Purple Haze

Not your father’s Purple Haze. This is your Irish granny’s Purple Haze. If your Irish granny was the legendary Maire Brennan, that is. I suppose she’s referring to some mystical misty dell, not whatever drug references most of us associate the phrase ‘purple haze’ with. It’s all about the atmosphere, anyway, which to me feels very cozy. This is prime teatime music, and I find it very comforting. I guess a lot of people find Irish music ‘comforting’ and it’s kind of a coffeehouse cliche, but still… Cliches have to come from somewhere, after all.


No One Talks

And now for some relaxing spa music. Honestly, I’m not at all sure how Celtic music came to be associated with spas, but we do tend to think of it as definitely conducive to relaxation, and vaguely ‘good for you’ on a spiritual level. Moya Brennan has been part of the Irish music revival since it began in sixties, and remains one of its best known figures.

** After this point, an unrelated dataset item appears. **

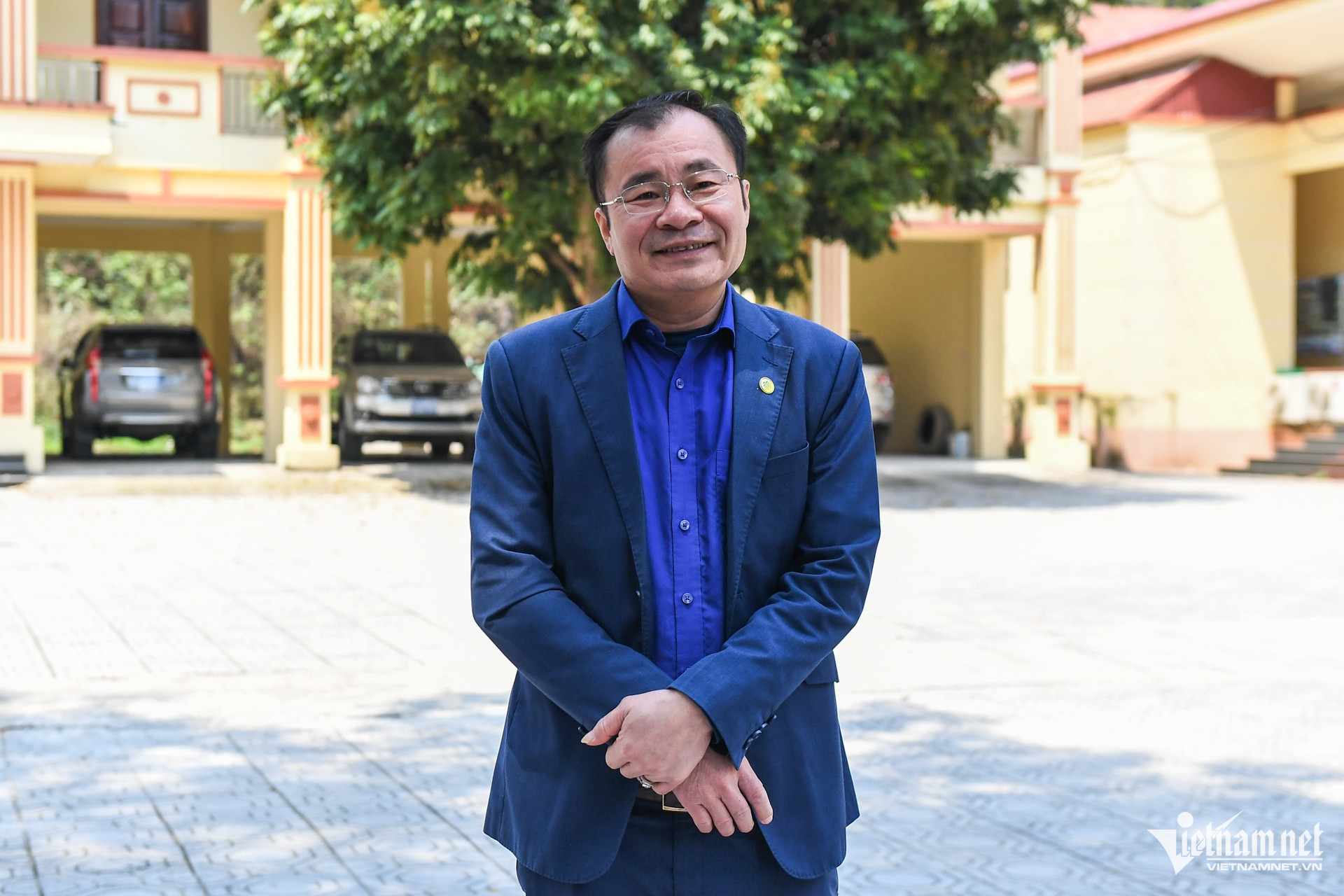 w dan toc thieu so cao bang 49929.jpg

She’s seen her musical heritage go from about as unhip as a set of muddy Wellies, to pretty edgy, to widely respected and commercially viable. You can thank her for making the harp a pop instrument, and you can blame her sister for that crap you hear at the spa.

Never Stray Far Away

Presenting the beautiful, headache alleviating, nymphlike voice of Maire Brennan. She may have been overshadowed by her more album selling sister Enya, but in my eyes, Maire is the real legend. (And a charming lady as well.) The market for traditional Irish music is not huge, compared to the market for fembots, but in that market Maire Brennan and Clannad are pillars.

I Will Find You

There’s something very romantic about Irish music. Maybe because Ireland itself has such a romantic landscape. Or it’s something in the culture, a sadness and passion. Maybe it’s just the effect of Clannad’s melodies and Moya Brennan’s voice. Doesn’t matter why, it just is. Soothing and heartwarming. Even Irish fiddle type music that you get drunk and dance a jig to. That’s not exactly soothing in the sleepytime way, but it’s definitely happy-making. Of course it can also be corny and maudlin, but there’s a toothless and cheap version of every good thing, and that should’t turn you off of the real quality stuff. I mean, the whole Riverdance thing is like the Lipton teabag of Irish culture – a flavorless, watered-down imitation of something it’s not even in the same ballpark with.

Hidden Stories

I don’t understand people who don’t like Celtic music. Like, honestly, what’s not to love? I do understand people who can’t stand New Age music, because I’m one of them. And it’s New Age music that gives regular traditional Celtic music a bad name, because it steals, whitewashes and castrates so much from it. You have to give Clannad and Moya Brennan laurels for being on the forefront of the Celtic music revival in the sixties and seventies. But then you also have to give them a little kick in the butt for being at the forefront of New Age in the eighties. On the other hand, a lot of things sucked in the 80’s – not even David Bowie was immune to sucking in the 80’s. So you can’t blame Moya Brennan for having a period of 80’s and 90’s New Agey¬†suckness. She’s gone back to more traditional roots in recent years, and as you can plainly hear, her voice has lost none of its angelic lustre.